Auch homosexuelle Paare in der Region freuen sich über die Gleichstellung. Beim Bamberger Standesamt ist man für heiratswillige Lesben und Schwule bereit.

Es ist der Satz, der in den Gesprächen am häufigsten fällt: "Die meisten warten erst mal ab." Als erste sagt dies Stadtsprecherin Ulrike Siebenhaar auf die Frage, ob es denn beim Bamberger Standesamt schon Anmeldungen für Hochzeiten zwischen gleichgeschlechtlichen Paaren gebe.

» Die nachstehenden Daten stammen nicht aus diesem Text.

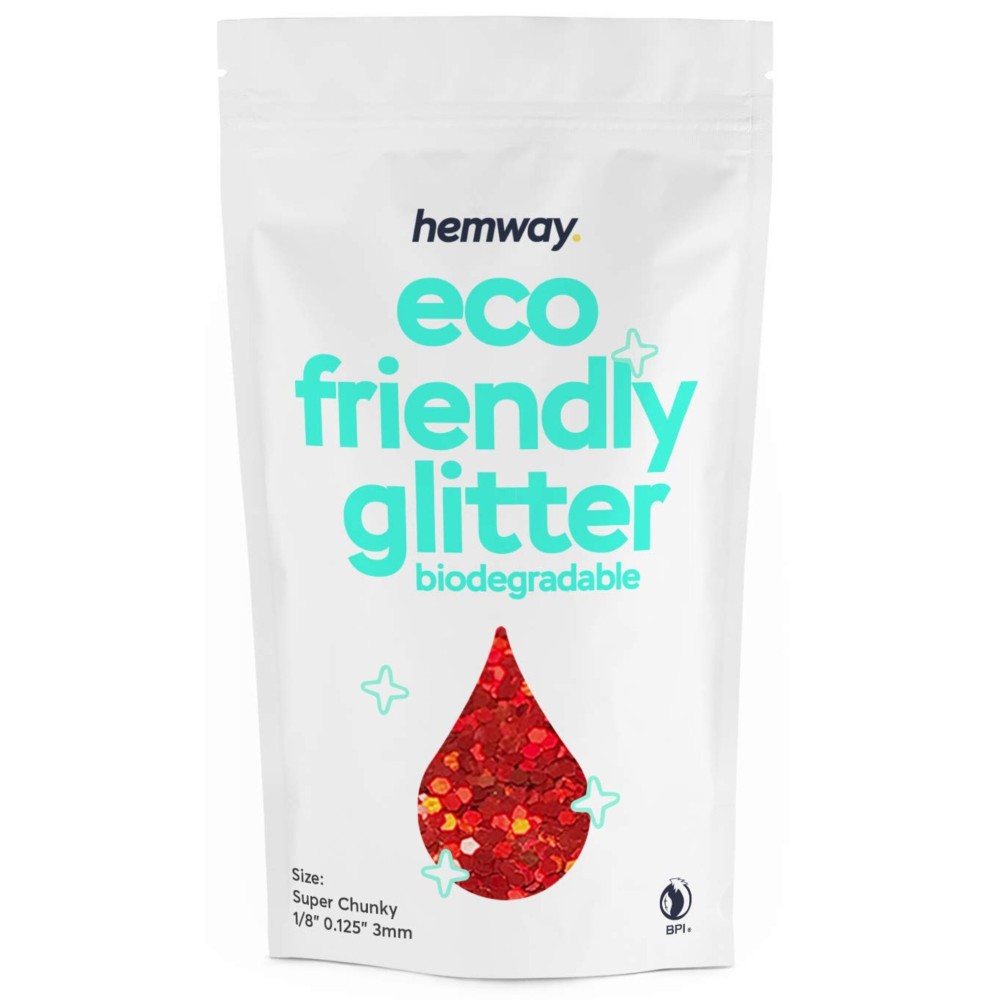 Hemway Biodegradable Glitter Eco Friendly - 100g/3.5oz Bio Cosmetic Safe Sparkle Vegan for Face Eyeshadow Body Hair Festival Makeup Craft - Super Chunky (1/8 0.125 3mm) - Red Holographic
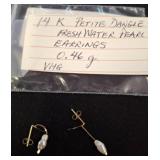 14K Gold Freshwater Pearl Dangle Earrings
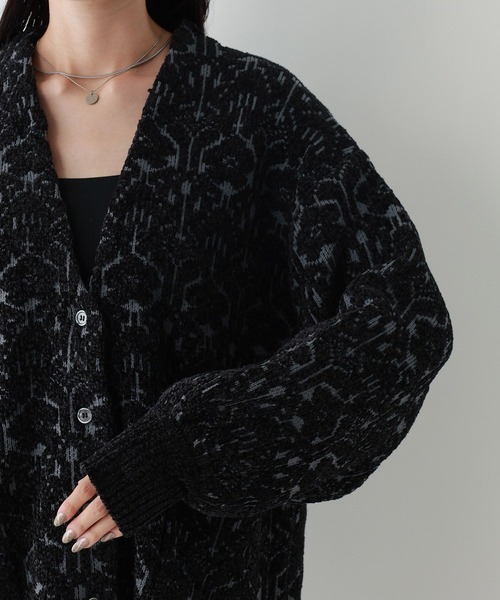 RAGEBLUE(レイジブルー)の「モールジャガードBIGカーディガン(カーディガン/ボレロ・レディース・ブラック/ホワイト/ピンク・FREE)」の22枚目の写真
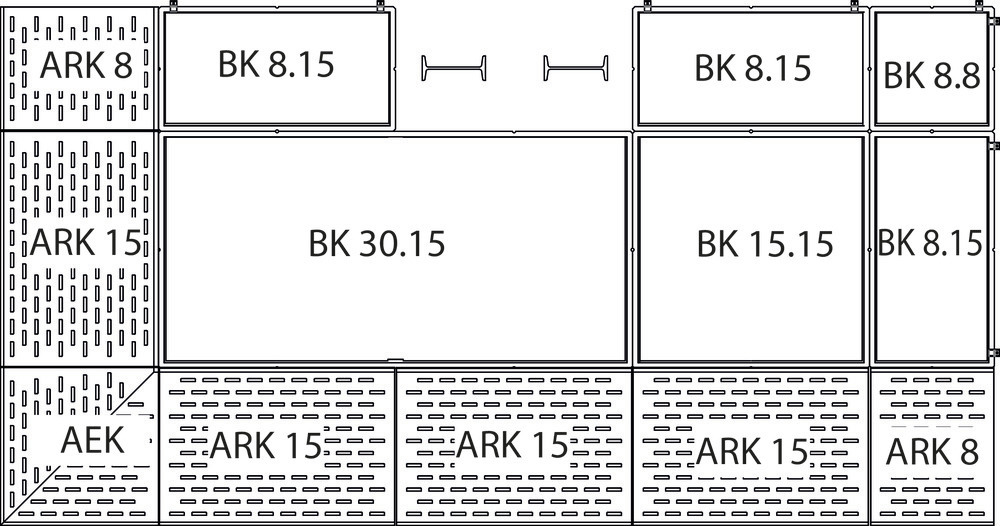 Hoekopijplaat AEK van polyethyleen (PE) voor vloerelementen BK - 3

"Bisher gab es das sogenannte Verpartnern. Sollte im Herbst das neue Gesetz in Kraft treten, können Homosexuelle auch offiziell heiraten", erläutert Siebenhaar zunächst. Aber: Voraussetzung ist in der Tat, dass der Gesetzesvorschlag zur "Ehe für alle" Realität wird.

Der bayerische Ministerpräsident und CSU-Vorsitzende Horst Seehofer erwägt bereits eine Klage vor dem Bundesverfassungsgericht - nur wenige Tage, nachdem der Bundestag die "Ehe für alle" beschlossen hatte.


Noch keine Anfragen

In Bamberg warten offenbar viele Lesben und Schwule noch mit einer Anmeldung beim Standesamt. Dort könnten sie prinzipiell ihre eingetragene Lebenspartnerschaft in eine Ehe umwandeln lassen, oder aus der Partnerschaft heraus direkt heiraten. "Wir haben bisher noch keine Anfragen oder Anmeldungen für standesamtliche Trauungen. Wir fühlen uns aber gut gewappnet", sagt die Stadtsprecherin.

Dass dies nun überhaupt möglich ist, bezeichnet Dave Schneider von "Uferlos", Bambergs schwul-lesbischem Verein, als "großen Schritt Richtung Gleichstellung". Im Verein sei "richtige Freude" und "Feierstimmung" nach der Entscheidung im Bundestag ausgebrochen. Jener Freitag sei ein besonderer Tag gewesen, "nun gibt es ein Stück mehr Normalität für uns".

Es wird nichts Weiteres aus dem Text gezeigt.